--- START ---

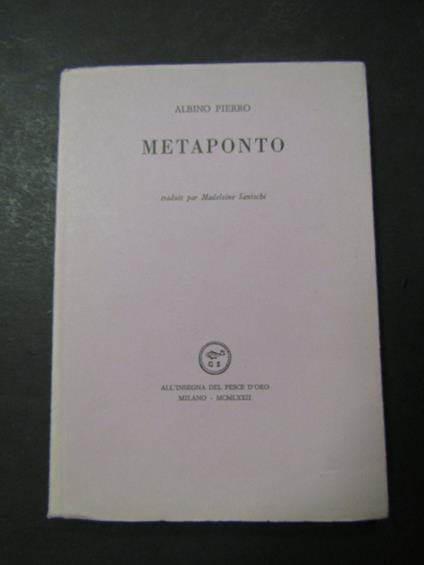 Pierro Albino. Metaponto. All'insegna del pesce d'oro. 1972. copia 529/1000 - Pierro Albino - copertina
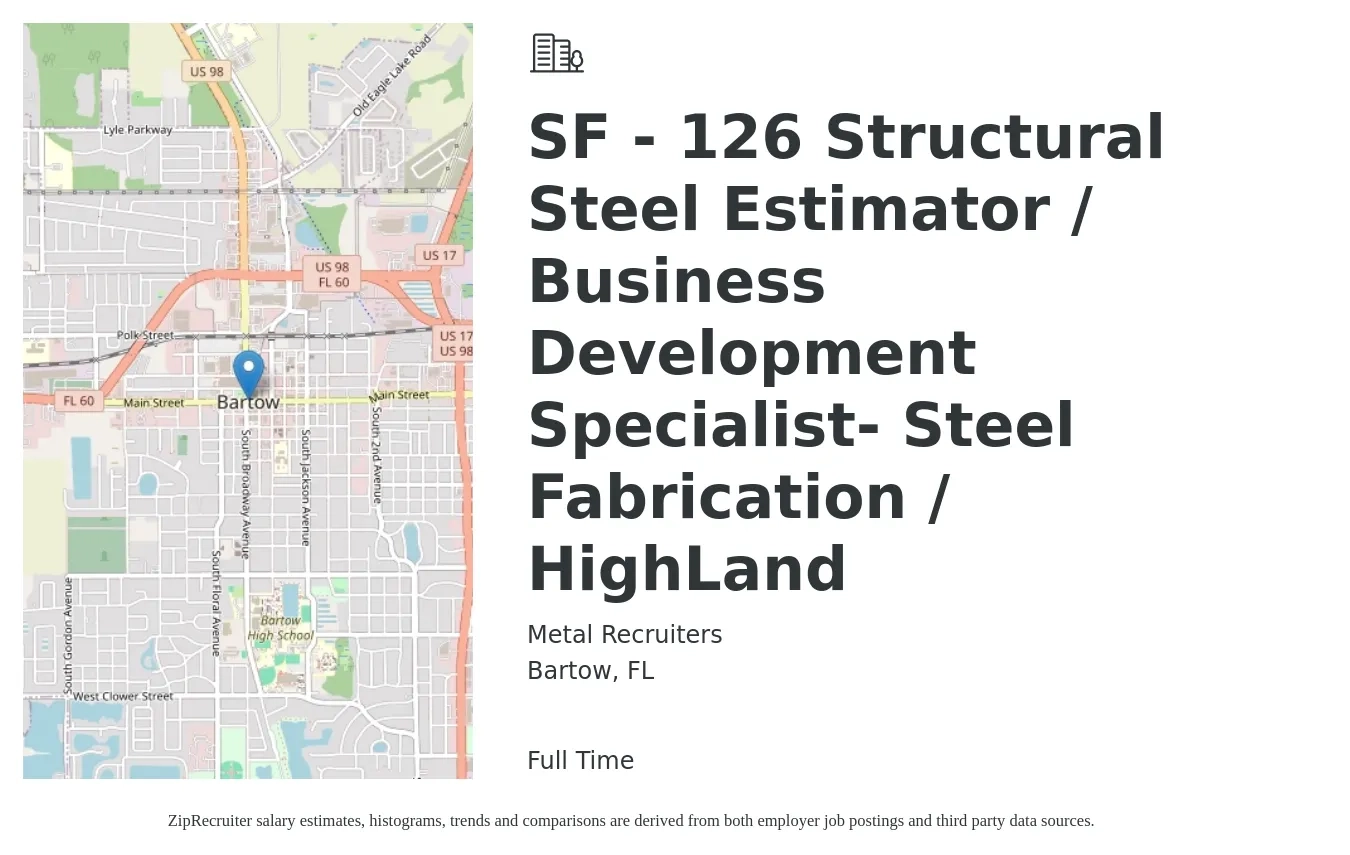 Metal Recruiters job posting for a SF - 126 Structural Steel Estimator / Business Development Specialist- Steel Fabrication / HighLand in Bartow, FL with a salary of $49,500 to $68,400 Yearly with a map of Bartow location.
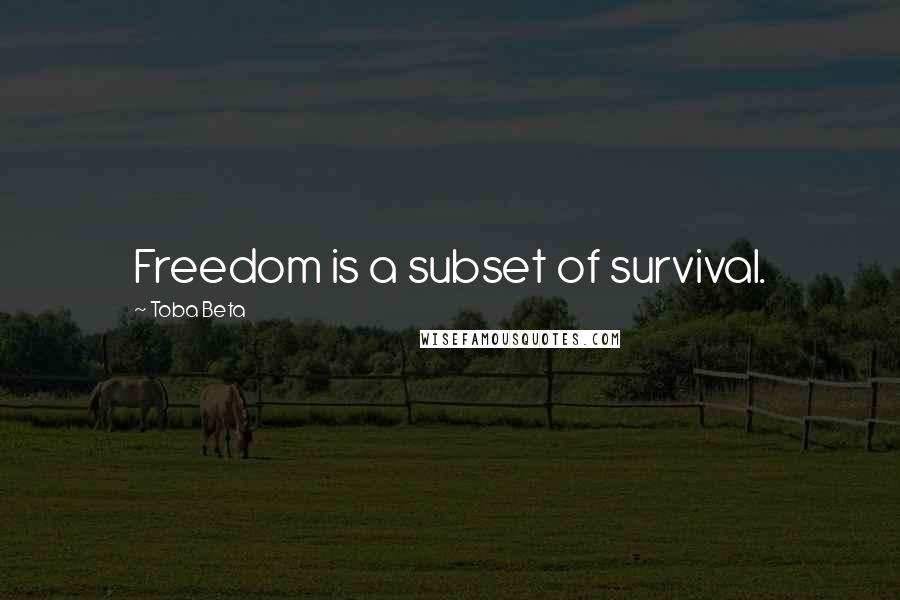 Toba Beta Quotes: Freedom is a subset of survival.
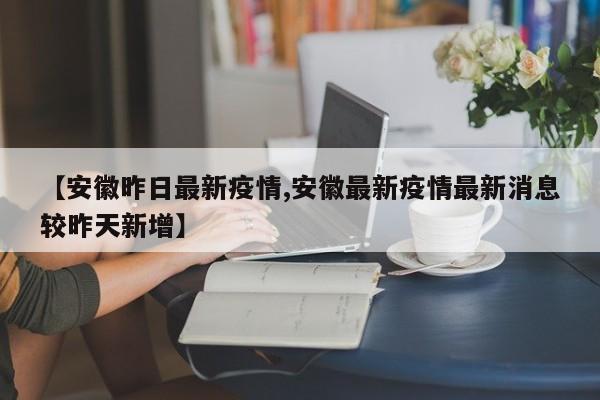 【安徽昨日最新疫情,安徽最新疫情最新消息较昨天新增】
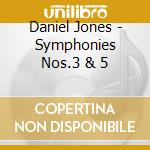 Daniel Jones - Symphonies Nos.3 & 5 cd
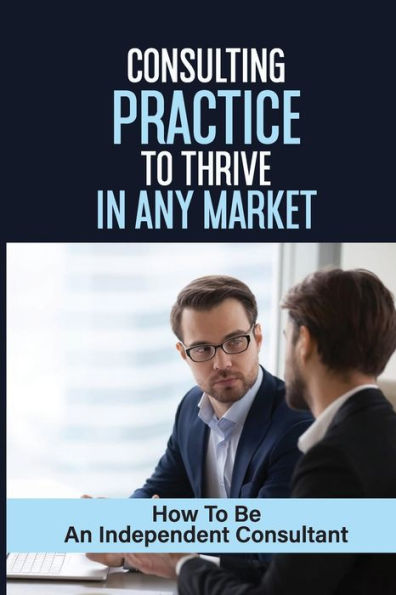 Consulting Practice To Thrive In Any Market: How To Be An Independent Consultant:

--- END ---

> [What the task requires]: The expected answer is an exact copy of the lines from the one containing "Daniel Jones - Symphonies Nos.3 & 5 cd" through the last line of the entries above, both included, without pictures.

> [Response for this exercise]:
 Daniel Jones - Symphonies Nos.3 & 5 cd
 Consulting Practice To Thrive In Any Market: How To Be An Independent Consultant:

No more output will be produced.